Records supplied START

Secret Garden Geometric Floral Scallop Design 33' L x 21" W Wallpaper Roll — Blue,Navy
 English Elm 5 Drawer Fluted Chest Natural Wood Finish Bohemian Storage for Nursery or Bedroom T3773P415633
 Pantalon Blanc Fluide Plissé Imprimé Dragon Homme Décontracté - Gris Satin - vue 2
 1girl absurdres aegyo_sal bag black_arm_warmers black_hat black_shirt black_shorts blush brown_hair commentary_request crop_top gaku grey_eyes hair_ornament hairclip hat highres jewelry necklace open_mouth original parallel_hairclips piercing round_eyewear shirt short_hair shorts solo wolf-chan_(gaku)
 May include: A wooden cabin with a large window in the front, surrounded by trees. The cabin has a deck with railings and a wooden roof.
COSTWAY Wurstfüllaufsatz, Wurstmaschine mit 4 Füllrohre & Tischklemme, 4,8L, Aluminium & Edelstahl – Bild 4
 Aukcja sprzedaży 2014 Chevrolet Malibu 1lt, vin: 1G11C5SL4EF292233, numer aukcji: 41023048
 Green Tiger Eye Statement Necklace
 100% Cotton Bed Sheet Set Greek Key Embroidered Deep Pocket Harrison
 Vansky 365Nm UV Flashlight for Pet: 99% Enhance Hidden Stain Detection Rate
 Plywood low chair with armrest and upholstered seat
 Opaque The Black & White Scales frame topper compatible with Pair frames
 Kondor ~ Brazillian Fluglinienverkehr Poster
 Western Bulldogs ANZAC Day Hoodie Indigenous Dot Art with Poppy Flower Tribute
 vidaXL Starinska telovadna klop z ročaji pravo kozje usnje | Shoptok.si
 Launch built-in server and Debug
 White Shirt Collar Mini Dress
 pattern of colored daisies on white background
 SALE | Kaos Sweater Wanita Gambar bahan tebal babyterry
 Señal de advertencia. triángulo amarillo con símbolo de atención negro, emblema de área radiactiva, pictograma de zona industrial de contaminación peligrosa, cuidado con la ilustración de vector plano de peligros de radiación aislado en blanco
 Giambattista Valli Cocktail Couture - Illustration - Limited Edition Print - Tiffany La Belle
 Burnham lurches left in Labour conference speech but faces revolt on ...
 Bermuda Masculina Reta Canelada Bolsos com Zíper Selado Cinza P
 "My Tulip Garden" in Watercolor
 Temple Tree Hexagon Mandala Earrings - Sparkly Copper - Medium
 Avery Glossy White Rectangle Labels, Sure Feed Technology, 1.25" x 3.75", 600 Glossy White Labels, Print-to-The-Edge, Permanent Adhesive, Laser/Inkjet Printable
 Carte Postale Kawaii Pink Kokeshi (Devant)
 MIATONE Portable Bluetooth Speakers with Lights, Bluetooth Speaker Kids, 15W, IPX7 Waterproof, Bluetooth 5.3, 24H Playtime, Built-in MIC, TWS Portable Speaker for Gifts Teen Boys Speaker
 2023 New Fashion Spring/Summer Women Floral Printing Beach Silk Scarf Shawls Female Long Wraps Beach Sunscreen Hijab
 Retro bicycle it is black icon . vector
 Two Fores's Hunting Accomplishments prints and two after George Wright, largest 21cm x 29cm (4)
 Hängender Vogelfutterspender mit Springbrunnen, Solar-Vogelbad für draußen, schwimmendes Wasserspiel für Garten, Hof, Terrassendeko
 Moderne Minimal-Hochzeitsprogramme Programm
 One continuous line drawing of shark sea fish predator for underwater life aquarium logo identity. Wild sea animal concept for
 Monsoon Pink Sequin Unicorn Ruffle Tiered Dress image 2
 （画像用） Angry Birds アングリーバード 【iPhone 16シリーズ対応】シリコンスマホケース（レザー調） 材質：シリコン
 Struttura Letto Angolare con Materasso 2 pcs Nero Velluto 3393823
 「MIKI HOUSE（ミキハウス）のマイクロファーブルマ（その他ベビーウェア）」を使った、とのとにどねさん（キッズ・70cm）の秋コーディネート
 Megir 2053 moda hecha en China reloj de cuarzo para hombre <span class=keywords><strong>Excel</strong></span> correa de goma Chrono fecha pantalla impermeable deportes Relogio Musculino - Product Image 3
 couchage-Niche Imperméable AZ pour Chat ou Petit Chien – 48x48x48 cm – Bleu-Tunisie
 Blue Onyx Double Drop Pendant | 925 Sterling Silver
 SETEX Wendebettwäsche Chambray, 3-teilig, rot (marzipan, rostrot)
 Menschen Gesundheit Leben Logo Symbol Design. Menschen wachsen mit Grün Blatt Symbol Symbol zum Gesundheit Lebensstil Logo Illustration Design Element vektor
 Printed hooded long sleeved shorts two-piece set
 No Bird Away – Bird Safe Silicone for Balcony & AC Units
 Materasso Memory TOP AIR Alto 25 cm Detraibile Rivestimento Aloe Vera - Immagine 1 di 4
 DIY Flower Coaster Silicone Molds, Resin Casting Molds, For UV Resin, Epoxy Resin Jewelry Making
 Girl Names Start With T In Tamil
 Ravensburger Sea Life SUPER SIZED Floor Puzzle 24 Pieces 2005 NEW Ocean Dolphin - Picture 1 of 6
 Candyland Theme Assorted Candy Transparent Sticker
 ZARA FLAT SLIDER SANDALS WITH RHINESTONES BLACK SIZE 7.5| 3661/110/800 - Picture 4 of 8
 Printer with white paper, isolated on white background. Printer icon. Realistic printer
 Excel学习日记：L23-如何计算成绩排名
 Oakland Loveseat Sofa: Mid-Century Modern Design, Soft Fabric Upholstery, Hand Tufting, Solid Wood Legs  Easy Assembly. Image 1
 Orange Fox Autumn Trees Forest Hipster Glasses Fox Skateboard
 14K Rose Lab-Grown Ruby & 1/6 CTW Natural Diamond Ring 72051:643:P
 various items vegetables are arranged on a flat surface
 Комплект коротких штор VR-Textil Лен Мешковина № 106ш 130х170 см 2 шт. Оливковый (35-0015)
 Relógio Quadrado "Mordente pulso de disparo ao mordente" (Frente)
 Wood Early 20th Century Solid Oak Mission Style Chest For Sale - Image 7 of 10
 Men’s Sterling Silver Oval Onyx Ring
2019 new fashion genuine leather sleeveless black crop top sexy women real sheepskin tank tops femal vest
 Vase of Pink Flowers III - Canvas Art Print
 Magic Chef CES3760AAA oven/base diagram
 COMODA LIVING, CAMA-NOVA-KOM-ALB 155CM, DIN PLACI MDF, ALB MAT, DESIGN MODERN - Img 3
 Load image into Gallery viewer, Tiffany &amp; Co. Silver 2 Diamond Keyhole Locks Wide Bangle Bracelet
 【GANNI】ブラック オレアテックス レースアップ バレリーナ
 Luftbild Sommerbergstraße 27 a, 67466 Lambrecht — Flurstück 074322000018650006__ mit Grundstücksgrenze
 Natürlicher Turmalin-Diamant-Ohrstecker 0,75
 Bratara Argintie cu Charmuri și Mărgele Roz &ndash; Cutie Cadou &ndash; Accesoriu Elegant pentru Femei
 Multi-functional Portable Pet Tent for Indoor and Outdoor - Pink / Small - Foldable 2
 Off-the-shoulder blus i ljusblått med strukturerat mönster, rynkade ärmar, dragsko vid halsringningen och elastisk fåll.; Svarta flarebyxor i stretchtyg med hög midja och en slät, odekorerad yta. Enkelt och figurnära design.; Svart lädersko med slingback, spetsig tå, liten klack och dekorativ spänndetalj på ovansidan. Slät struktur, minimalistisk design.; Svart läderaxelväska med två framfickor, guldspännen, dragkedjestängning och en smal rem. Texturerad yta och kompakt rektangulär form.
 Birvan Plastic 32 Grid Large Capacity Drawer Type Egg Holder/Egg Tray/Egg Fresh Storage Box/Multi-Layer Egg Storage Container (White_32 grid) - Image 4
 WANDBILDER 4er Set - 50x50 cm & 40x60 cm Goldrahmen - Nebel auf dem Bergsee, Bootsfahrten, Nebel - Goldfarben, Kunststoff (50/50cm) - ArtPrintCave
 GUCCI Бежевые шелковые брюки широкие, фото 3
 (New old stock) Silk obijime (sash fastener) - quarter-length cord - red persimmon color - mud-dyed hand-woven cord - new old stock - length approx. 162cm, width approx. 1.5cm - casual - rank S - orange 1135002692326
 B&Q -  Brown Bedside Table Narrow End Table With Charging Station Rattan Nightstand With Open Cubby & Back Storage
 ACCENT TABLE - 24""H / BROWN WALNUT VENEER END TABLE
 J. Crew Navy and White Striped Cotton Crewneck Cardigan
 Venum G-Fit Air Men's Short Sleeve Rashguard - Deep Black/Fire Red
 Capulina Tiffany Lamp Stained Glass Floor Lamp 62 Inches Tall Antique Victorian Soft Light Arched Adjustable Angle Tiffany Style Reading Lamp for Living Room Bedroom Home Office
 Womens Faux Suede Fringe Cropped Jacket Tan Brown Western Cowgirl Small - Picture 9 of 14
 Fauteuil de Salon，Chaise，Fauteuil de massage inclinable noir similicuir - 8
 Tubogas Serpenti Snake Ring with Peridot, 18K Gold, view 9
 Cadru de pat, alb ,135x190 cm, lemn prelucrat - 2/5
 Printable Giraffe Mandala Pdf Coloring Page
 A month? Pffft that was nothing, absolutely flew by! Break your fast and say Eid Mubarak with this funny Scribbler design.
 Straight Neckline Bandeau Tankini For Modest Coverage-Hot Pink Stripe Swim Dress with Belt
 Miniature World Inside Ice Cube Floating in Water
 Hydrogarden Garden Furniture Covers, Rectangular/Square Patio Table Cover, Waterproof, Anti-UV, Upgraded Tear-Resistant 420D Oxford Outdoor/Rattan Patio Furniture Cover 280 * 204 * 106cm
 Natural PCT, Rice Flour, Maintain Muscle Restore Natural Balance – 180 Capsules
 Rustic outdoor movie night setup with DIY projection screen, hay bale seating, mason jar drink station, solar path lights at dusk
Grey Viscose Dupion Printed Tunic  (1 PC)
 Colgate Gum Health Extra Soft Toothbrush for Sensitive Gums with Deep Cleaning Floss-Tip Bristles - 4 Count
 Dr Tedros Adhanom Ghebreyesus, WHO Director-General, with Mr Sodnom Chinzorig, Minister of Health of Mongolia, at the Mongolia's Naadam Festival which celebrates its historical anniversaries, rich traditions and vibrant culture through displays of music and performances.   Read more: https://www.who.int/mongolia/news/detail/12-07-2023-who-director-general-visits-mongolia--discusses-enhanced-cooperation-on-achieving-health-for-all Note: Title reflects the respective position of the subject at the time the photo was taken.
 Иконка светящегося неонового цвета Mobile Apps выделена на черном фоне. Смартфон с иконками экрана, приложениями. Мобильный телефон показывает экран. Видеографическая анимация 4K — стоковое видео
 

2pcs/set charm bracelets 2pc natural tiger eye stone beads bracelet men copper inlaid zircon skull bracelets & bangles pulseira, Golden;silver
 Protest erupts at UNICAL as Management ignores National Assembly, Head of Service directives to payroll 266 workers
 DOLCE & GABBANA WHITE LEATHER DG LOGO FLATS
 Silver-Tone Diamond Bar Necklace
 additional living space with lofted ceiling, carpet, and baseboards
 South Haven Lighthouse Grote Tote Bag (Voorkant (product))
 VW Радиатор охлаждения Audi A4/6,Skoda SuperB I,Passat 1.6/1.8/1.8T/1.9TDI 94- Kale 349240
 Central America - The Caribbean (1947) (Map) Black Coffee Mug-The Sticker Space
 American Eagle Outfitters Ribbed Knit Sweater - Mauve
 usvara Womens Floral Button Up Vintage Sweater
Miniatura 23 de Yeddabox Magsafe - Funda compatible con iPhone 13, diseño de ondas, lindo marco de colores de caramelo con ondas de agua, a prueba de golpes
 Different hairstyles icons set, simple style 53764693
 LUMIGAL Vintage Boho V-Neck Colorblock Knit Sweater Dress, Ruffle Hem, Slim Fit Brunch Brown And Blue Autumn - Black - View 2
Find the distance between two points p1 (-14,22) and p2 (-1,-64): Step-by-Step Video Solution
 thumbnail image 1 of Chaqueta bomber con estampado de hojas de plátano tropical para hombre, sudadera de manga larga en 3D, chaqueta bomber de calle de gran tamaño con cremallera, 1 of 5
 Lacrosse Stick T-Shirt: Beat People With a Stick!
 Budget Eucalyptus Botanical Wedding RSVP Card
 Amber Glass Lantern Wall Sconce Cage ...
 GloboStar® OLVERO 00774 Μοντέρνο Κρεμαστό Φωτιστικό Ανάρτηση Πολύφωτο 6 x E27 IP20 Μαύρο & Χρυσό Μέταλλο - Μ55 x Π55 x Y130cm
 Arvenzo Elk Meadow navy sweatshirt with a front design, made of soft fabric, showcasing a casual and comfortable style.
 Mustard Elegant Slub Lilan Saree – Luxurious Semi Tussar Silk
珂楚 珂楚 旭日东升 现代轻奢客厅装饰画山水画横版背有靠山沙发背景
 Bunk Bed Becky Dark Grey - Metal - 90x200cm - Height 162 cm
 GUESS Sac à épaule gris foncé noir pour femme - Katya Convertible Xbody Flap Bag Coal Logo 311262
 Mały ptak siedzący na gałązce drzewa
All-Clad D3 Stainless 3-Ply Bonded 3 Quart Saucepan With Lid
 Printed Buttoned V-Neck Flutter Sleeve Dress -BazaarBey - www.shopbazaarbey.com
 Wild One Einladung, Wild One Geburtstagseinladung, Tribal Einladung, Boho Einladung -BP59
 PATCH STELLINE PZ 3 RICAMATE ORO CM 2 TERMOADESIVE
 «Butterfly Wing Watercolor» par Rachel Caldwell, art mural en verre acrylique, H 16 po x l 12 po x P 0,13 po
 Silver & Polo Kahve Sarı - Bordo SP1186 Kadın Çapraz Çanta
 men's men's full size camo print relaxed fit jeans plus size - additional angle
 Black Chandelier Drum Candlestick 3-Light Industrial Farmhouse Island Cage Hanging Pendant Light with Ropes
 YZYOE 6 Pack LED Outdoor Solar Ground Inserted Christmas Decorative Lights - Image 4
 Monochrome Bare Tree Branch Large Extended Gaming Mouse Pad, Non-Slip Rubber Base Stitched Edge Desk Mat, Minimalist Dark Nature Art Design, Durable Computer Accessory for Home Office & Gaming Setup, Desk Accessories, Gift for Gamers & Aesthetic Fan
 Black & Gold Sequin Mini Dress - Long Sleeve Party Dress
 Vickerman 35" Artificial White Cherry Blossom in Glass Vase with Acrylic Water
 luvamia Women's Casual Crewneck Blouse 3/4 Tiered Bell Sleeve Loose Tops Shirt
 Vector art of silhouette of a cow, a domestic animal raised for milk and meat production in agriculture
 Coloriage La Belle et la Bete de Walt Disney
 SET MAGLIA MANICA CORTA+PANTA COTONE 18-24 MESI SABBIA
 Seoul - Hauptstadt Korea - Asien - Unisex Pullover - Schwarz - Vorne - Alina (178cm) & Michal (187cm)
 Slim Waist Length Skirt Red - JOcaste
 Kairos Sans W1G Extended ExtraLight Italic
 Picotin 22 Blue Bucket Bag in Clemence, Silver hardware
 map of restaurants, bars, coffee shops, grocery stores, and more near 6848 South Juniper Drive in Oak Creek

Records supplied END

**Task prompt:**
Everything starting at the line containing "GUESS Sac à" and ending at the line containing "YZYOE 6 Pack" in the records above should be repeated exactly, and only that.

**Result of the exercise:**
 GUESS Sac à épaule gris foncé noir pour femme - Katya Convertible Xbody Flap Bag Coal Logo 311262
 Mały ptak siedzący na gałązce drzewa
All-Clad D3 Stainless 3-Ply Bonded 3 Quart Saucepan With Lid
 Printed Buttoned V-Neck Flutter Sleeve Dress -BazaarBey - www.shopbazaarbey.com
 Wild One Einladung, Wild One Geburtstagseinladung, Tribal Einladung, Boho Einladung -BP59
 PATCH STELLINE PZ 3 RICAMATE ORO CM 2 TERMOADESIVE
 «Butterfly Wing Watercolor» par Rachel Caldwell, art mural en verre acrylique, H 16 po x l 12 po x P 0,13 po
 Silver & Polo Kahve Sarı - Bordo SP1186 Kadın Çapraz Çanta
 men's men's full size camo print relaxed fit jeans plus size - additional angle
 Black Chandelier Drum Candlestick 3-Light Industrial Farmhouse Island Cage Hanging Pendant Light with Ropes
 YZYOE 6 Pack LED Outdoor Solar Ground Inserted Christmas Decorative Lights - Image 4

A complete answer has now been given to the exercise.